Robot-welded prototypes of Lichtenfels’ willow architecture are on display in the Archive of the Future's showroom: 3D prints of forking branches and Cobot-welded tree trunks.
The design of the new building on market square blends leading-edge technology with the basket-weaving tradition of the city of Lichtenfels. The base material of basket weaving is willow wood. Two strikingly innovative steel trees arch up and over the glass pavilion of the new building.
Their construction poses immense challenges to architects and builders. Visual radiance, structural stability and material longevity are of fundamental concern. The showroom exhibition displays prototypes detailing the complex developmental processes behind the willows’ architectural design and construction. These 3D models represent several stages in the creative quest for optimum solutions. These photos provide an overview of the various exhibits.
Willow algorithms
The architects calculated the external form of the willow architecture using a computer program. Biological patterns and growth structures were first abstracted and then translated into algorithms. Taking their shape from a source code, the artificial willows emerged in autonomous, generative steps. This prototype was developed to help reveal the best method for converting our digital abstraction into tangible steel architecture.
Too innovative?
The forked trunks were manufactured in a dual 3D printing / metal sintering process. The branches, made of stainless-steel tubing, were then welded to the trunks. Once attached, the steel branches were heated to near extreme temperatures, oxidizing the silver finish to a willowy brown. The aesthetically pleasing result closely resembled the colour of natural bark, but durability was too greatly compromised.
Building authorities were unable to approve the 3D printed tree trunks. Such manufacturing processes are too new and structural stability too uncertain. Without extensive testing procedures, 3D-printed steel building elements of this innovative nature would never gain timely approval.
A weighty sculpture
This model was machined from a massive block of solid steel. Although aesthetically pleasing, the sculpture-like prototype was far too heavy and too cost-intensive to use as an architectural component for the final version of Lichtenfels’ willow structure. However, it served the architects well in testing the feasibility of the algorithmic source-code design. It proved that a computer-calculated, autonomously generated tree design – derived from natural if simplified genetic data – is indeed a viable method for making this extraordinary type of architecture come to life.
A daring proposal
WAAM (Wire Arc Additive Manufacturing) is a very novel 3D printing process in which the component is built up piece by piece and layer by layer using metal wire welding techniques. These two 3D-printed models were created in the course of considering whether the WAAM process could be used to manufacture the tree trunks. Though theoretically possible, in practice even this method is still too new and untested to meet the stringent safety requirements of a building like the Archive of the Future.
Very close to the core
The underlying idea behind the architectural design is to create a mathematical vector model out of the natural willow's source code and then to translate this into a real steel structure.

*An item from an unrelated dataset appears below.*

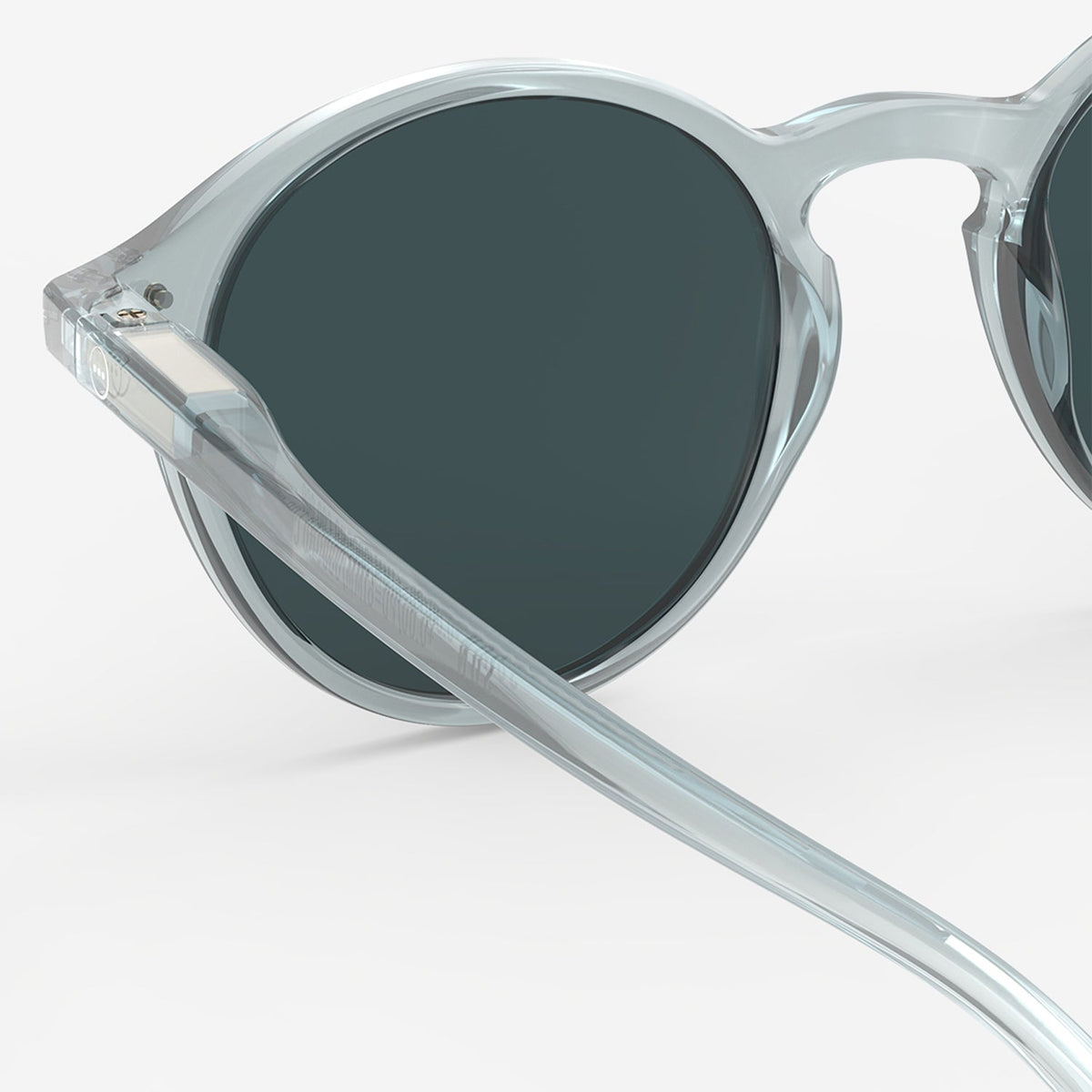 Izipizi Sun Glasses #D: Frozen Blue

The process of genetically abstracting the willows is to be reflected as closely as possible in the architecture. This is the driving idea behind using the prototypes built by the Gföllner company from Upper Austria out of square tubing with the precision aid of robot welding technology. The coating in the duplex process on galvanised steel creates just the right gloss and high contrast range required to perfectly articulate the artificial willows.